[[ MATERIAL TO PROCESS open ]]

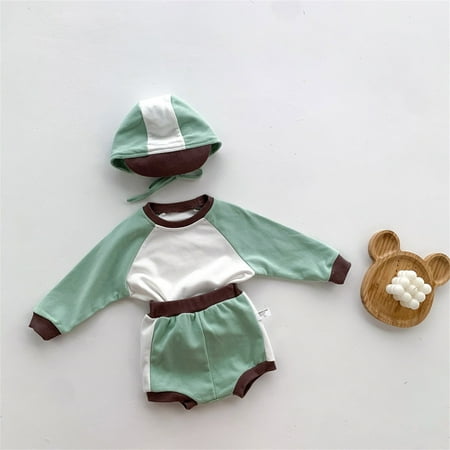Hunpta Infant Newborn Baby Boys Girls Long Sleeve Patchwork Sweatshirt Blouse Tops Sport Shorts Pants With Hat Outfit Set Clothes 3PCS Casual Joggers
Hunpta Infant Newborn Baby Boys Girls Long Sleeve Patchwork Sweatshirt Blouse Tops Sport Shorts Pants With Hat Outfit Set Clothes 3PCS Casual Joggers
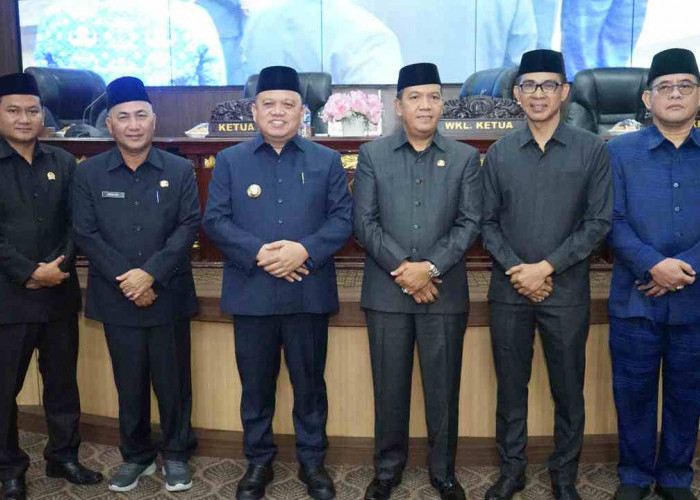 Sampaikan LKPJ dan Mohon Pamit, Pj Bupati Sandi Fahlepi Apresiasi Masyarakat dan DPRD Muba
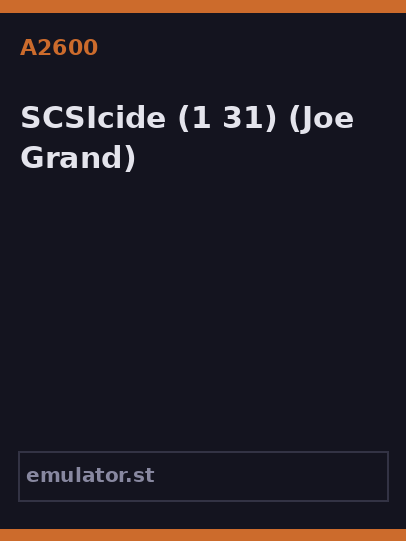 SCSIcide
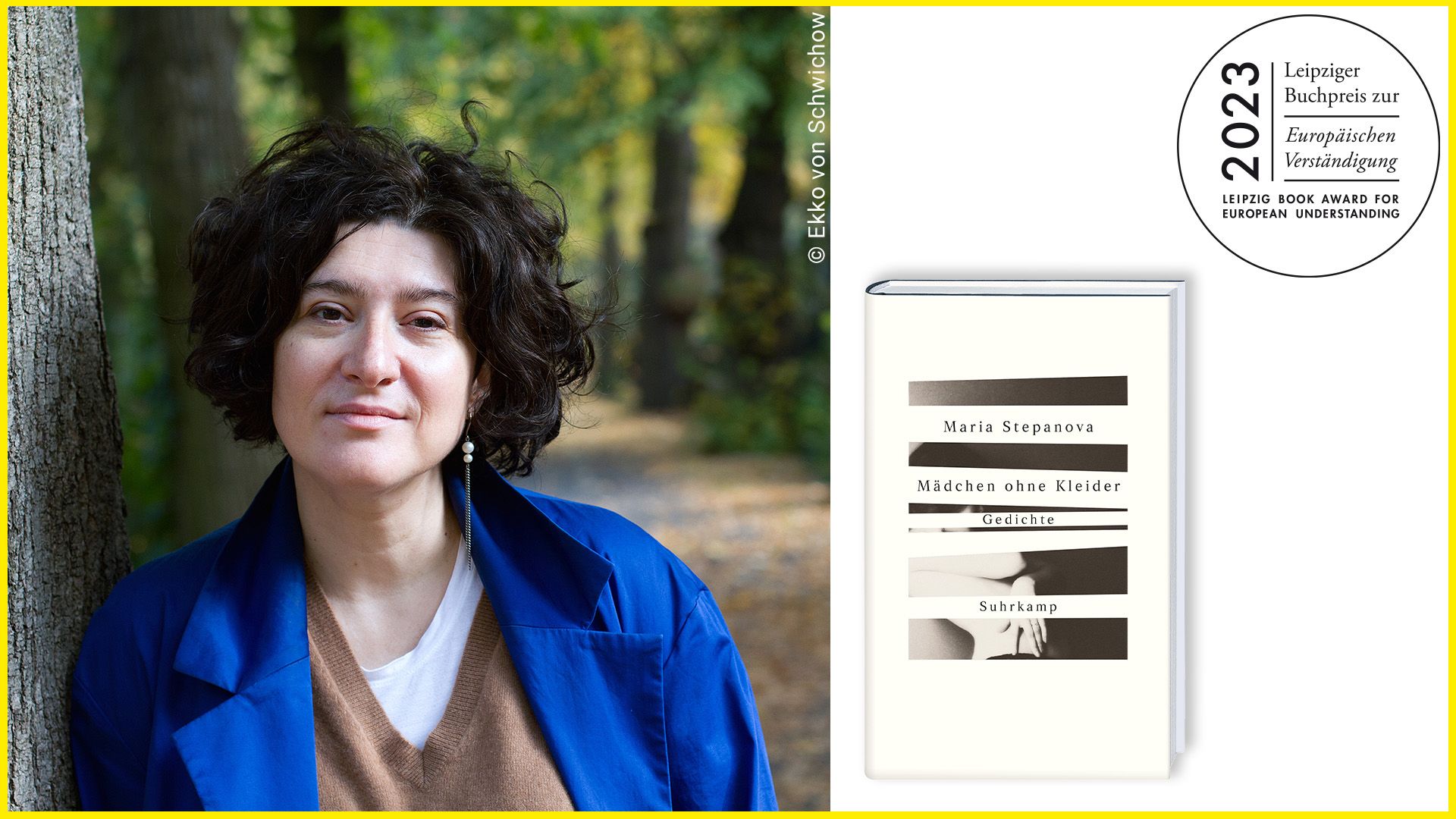 Maria Stepanova erhält den Leipziger Buchpreis zur Europäischen Verständigung 2023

[[ MATERIAL TO PROCESS closed ]]

**ABOUT THIS EXERCISE**. The copy must match every line of the data exactly and contain no pictures.

**RESULT OF THE EXERCISE**.
Hunpta Infant Newborn Baby Boys Girls Long Sleeve Patchwork Sweatshirt Blouse Tops Sport Shorts Pants With Hat Outfit Set Clothes 3PCS Casual Joggers
Hunpta Infant Newborn Baby Boys Girls Long Sleeve Patchwork Sweatshirt Blouse Tops Sport Shorts Pants With Hat Outfit Set Clothes 3PCS Casual Joggers
 Sampaikan LKPJ dan Mohon Pamit, Pj Bupati Sandi Fahlepi Apresiasi Masyarakat dan DPRD Muba
 SCSIcide
 Maria Stepanova erhält den Leipziger Buchpreis zur Europäischen Verständigung 2023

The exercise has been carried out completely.